The next five chapters focus on energy, the master resource and the world largest and most regulated business. This emphasis is necessary to provide the background for the case studies to follow in Book 2 and Book 3 of the trilogy, which are all in the field of energy. It is not surprising that some of the most important business episodes in U.S. history prominently include energy companies, such as Standard Oil (which is not covered in the trilogy), Insull’s utility-company empire, and Enron.

Special Significance

Book 1 challenges the mainstream view of Enron as “capitalism’s worst nightmare.” In The New York Times, Paul Krugman predicted that Enron would prove to be a greater societal turning point than 9/11 by forcing a reconstruction of capitalism. Many articles and books from a new generation of muckrakers have looked at the missteps of Enron and its “gatekeepers” (lawyers, accountants, analysts, regulators, etc.) as a failure of regulation and business ethics. Thus the mainstream has welcomed expanded regulation (as was done by the Sarbanes-Oxley Act of 2002), and business schools have redoubled their efforts to teach “social responsibility” for a “sustainable” business future.

The findings of the book question this diagnosis and policy prognosis. Character matters, but incentives created by the socio-economic system matter too. Enron was the result of political capitalism, not free-market capitalism. Enron’s business model was dependent on regulation-driven expansion, sometimes to stifle markets and sometimes to mandate “markets.” Political capitalism fostered many of the most infamous examples of Enron’s “greed,” such as gaming regulation to maximize profit under regulatory constraints. Enron lobbied hard to create the regulations that ultimately contributed to its own demise—an irony unrecognized in the mainstream literature.

The Epilogue, “Surreal Enron, Real Capitalism,” revisits the post-Enron formulation of classroom business ethics to conclude that “heroic” capitalism is more sustainable as a model for business and society than “corporate social responsibility.” In particular, entrepreneur/intellectual Charles Koch has advanced the ideal of Principled Entrepreneurship™, defined as “maximizing long-term profitability for the business by creating real value in society while always acting lawfully and with integrity.” Such principled behavior is predicated on the economic means, or consumer service in a free market, and not the political means of special government favor.

Book 1’s reconstructed capitalist worldview (which comes into play with the case studies of Book 2 and Book 3), gives the book the potential of being a social science classic with a long shelf life.

Audience

This book is written to appeal to a business and energy-industry audience but also to academics who deal with major business issues in the classroom. The text is meticulously documented for those who want the detail, but it is presented in a style that is accessible to nonacademics. The chapter appendices (both those in the book and many posted at www.politicalcapitalism.org) are geared toward academics who desire an additional level of analysis.

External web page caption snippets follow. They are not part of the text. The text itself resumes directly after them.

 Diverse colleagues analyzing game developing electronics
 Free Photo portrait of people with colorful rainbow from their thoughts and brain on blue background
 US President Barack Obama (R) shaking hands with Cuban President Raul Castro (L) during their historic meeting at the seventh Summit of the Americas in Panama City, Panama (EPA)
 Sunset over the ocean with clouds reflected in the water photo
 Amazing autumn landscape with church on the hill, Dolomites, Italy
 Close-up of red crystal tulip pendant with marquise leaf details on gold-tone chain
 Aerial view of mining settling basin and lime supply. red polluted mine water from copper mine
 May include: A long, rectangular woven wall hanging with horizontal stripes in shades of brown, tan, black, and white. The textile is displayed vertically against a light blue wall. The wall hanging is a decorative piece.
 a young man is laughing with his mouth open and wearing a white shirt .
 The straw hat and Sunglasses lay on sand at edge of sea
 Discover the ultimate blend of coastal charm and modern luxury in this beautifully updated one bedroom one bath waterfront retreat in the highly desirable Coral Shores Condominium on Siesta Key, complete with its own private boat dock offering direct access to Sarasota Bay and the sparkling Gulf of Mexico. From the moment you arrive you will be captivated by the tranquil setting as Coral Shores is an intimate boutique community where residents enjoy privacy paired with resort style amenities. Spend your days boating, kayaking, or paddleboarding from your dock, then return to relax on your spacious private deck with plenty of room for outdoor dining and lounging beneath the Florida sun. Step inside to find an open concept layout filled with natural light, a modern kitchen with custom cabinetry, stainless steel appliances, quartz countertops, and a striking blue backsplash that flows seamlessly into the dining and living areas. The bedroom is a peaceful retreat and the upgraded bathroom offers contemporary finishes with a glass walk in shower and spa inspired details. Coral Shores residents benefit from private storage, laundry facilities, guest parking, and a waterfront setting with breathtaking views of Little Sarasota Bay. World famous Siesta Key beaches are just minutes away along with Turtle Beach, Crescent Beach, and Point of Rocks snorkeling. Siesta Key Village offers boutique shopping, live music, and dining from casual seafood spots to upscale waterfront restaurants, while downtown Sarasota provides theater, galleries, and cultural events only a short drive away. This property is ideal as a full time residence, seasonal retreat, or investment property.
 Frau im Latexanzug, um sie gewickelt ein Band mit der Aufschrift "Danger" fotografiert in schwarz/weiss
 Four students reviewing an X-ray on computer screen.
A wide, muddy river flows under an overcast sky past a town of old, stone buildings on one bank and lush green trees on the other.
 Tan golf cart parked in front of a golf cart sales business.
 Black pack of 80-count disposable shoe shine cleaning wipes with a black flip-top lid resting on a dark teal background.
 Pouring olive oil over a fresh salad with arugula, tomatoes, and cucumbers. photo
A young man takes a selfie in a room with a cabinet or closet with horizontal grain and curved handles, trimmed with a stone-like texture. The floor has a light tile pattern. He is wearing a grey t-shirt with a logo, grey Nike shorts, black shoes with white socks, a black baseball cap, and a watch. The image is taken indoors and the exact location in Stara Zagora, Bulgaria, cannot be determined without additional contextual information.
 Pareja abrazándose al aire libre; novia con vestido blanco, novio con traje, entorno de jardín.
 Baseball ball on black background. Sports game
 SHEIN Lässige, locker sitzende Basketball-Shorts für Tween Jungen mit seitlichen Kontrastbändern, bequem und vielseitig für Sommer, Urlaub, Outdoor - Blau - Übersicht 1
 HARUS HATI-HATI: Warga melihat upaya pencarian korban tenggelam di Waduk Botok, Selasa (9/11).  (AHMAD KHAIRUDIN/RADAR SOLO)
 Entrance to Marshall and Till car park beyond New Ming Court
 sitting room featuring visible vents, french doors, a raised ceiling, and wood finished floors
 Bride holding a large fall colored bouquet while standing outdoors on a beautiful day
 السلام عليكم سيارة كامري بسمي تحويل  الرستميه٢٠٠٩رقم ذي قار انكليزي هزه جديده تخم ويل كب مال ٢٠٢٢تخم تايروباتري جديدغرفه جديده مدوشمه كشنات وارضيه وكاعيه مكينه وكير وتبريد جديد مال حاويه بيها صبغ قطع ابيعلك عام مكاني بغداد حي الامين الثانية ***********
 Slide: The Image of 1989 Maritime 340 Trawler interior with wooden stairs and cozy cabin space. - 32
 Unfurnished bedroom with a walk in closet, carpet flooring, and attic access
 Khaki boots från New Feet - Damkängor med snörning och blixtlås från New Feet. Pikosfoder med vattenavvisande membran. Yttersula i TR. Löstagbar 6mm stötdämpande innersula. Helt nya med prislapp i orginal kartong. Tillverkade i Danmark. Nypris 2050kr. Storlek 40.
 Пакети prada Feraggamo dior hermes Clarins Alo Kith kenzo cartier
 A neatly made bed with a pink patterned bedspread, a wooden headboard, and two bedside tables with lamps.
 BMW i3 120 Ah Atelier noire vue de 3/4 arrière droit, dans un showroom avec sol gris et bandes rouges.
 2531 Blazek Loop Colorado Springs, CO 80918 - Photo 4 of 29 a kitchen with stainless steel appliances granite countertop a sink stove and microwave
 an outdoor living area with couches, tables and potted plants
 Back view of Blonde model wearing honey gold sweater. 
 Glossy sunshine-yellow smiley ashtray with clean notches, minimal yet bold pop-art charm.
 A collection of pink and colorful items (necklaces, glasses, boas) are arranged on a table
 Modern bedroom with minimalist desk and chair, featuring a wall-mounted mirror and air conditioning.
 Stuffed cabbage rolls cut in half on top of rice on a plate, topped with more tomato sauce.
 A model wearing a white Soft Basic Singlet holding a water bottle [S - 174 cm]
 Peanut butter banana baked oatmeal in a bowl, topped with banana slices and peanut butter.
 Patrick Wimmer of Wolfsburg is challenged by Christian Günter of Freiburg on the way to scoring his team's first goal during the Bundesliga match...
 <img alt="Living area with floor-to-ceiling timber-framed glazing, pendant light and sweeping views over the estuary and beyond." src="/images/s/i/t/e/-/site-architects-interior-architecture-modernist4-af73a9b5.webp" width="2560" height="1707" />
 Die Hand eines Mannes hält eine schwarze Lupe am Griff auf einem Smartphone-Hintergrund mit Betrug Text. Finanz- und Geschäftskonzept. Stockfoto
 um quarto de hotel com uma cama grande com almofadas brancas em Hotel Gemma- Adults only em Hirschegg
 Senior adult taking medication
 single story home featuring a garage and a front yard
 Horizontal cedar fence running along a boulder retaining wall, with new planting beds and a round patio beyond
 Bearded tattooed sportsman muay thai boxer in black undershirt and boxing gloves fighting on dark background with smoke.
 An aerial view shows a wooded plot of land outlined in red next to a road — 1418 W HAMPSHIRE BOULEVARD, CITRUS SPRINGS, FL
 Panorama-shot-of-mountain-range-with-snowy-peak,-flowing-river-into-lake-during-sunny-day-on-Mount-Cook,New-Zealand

The book will appeal to several audiences:

  • Free market, conservative, and libertarian readers interested in seeing their worldview presented and applied in an important area
  • Intellectuals interested in best-business-practice and sweep-of-history books
  • Business ethicists interested in a sophisticated capitalistic viewpoint
  • Enron aficionados (including former employees) who want to get the story behind the story—the primary causes of the bad habits that engulfed Enron’s leaders, as well as the socio-economic environment that made it possible
  • Energy aficionados who want to understand the big picture of energy in theory and practice—and how arrogance in energy debates has spawned similar outcomes as that experienced at Enron.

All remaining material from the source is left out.